United Soccer League also plans to bring women’s soccer team to Spokane

UPDATED: Wed., June 23, 2021

As the dignitaries talked Wednesday afternoon about women’s soccer in Spokane, it was already standing in front of them.

The occasion was the announcement that, by 2023, the United Soccer League plans to field a professional women’s team on the pitch of a new downtown stadium.

As the speakers had their day in the baking sun, Payton Stiles stood in the shade of the Spokane Veterans Memorial Arena and appreciated the moment.

“I think this gives little girls like me something to look forward to, but also something to work toward,” said Stiles, who starred at Mt. Spokane High School and now plays at Gonzaga.

“If this had been around when I was a kid, that I could go see those players under the lights, that would have been amazing,” Stiles said.

Now it has a chance to amaze thousands of young girls who are growing up with the game.

“And it will encourage people to pay more attention to women’s sports,” Stiles said.

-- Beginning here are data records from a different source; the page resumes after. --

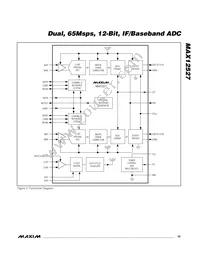 MAX12527ETK+TD Datasheet Page 15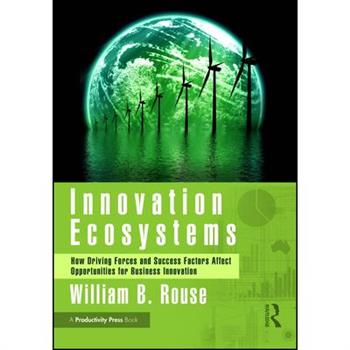 Innovation Ecosystems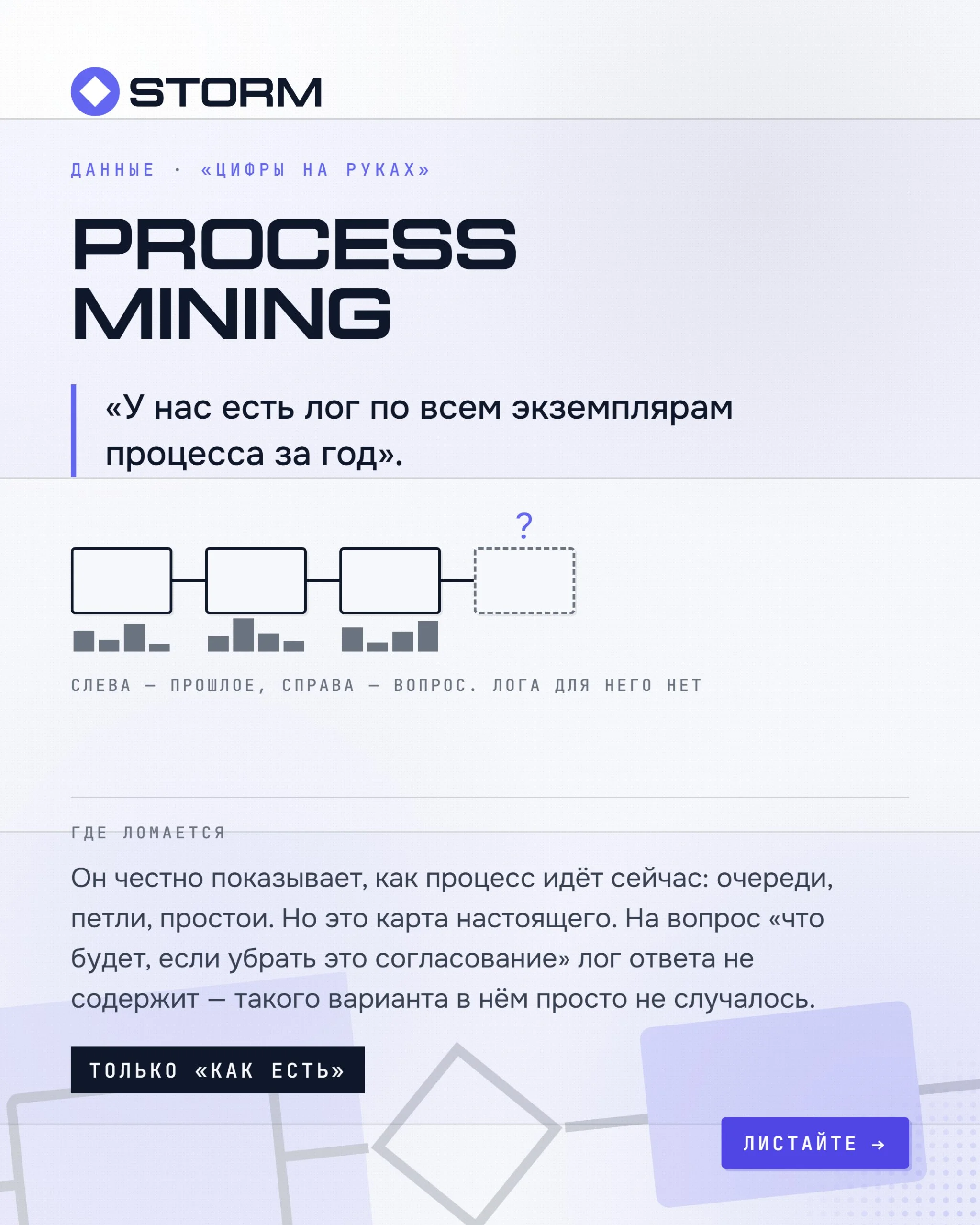 ✍ Статья с разбором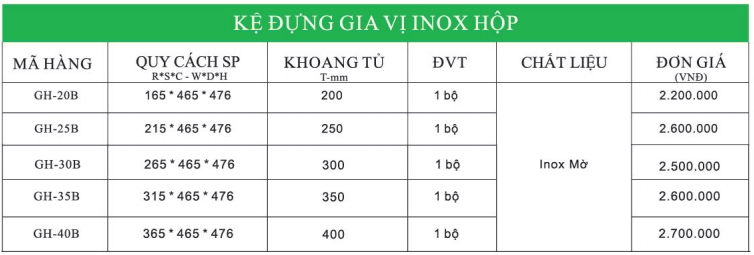 Kệ đựng gia vị inox hộp Grob GH-20B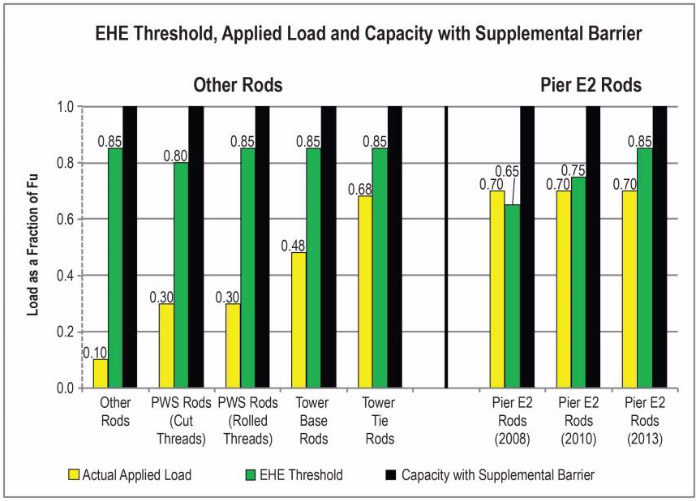Figure 1: Summary of EHE testing of full-diameter ASTM A354 BD Anchor Rods. (1.0 Fu = 140 ksi). This figure shows clearly that the service loads are less than the EHE threshold for all rods  except for the 2008 rods that failed on Pier E2. Caltrans image.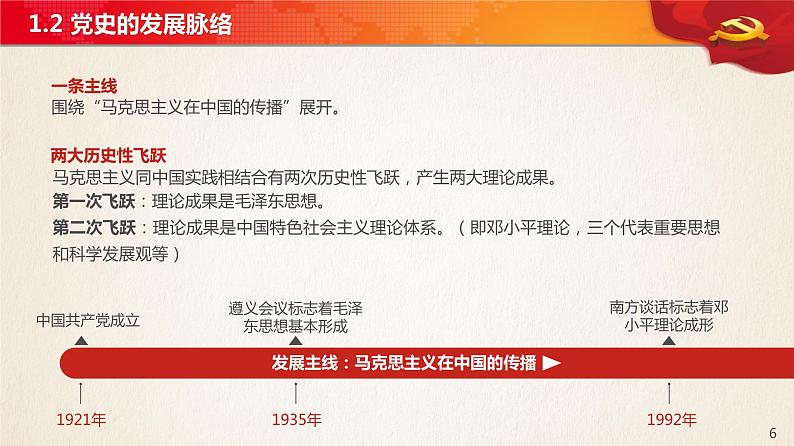 学党史、知党情、强党性中共党史详细课程党史—主题班会课件06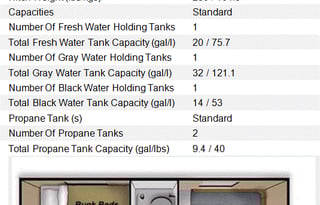 2014 Livin Lite 16BHB Trailer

That was the biggest takeaway from Wednesday’s announcement: that the new stadium will play host to more than just high school football, or only men’s soccer.

The USL has already committed to bring a League One men’s franchise to Spokane. Now, it hopes to broaden that appeal with a League W team.

“We’re incredibly excited to be able to create new opportunities for our community to be involved in women’s sports,” said Cindy Wendle, President of USL to Spokane.

“Enhancing gender equity and opportunity for women not only in competition but in all areas of sports management is paramount, and I am honored to be a part of the team bringing this amazing project to life,” Wendle said.

Spokane Mayor Nadine Woodward took it from there, evoking visions of “high school girls taking the field in a brand-new downtown stadium.”

“They will see that if they have a dream and they work hard enough, they can continue to have their careers playing under the lights on a national stage,” Woodward said.

A few moments later, Woodward and Wendle posed for cameras with a giant purple scarf.

“For the W,” it said. That stands for Women, but on this occasion it also stood for winning.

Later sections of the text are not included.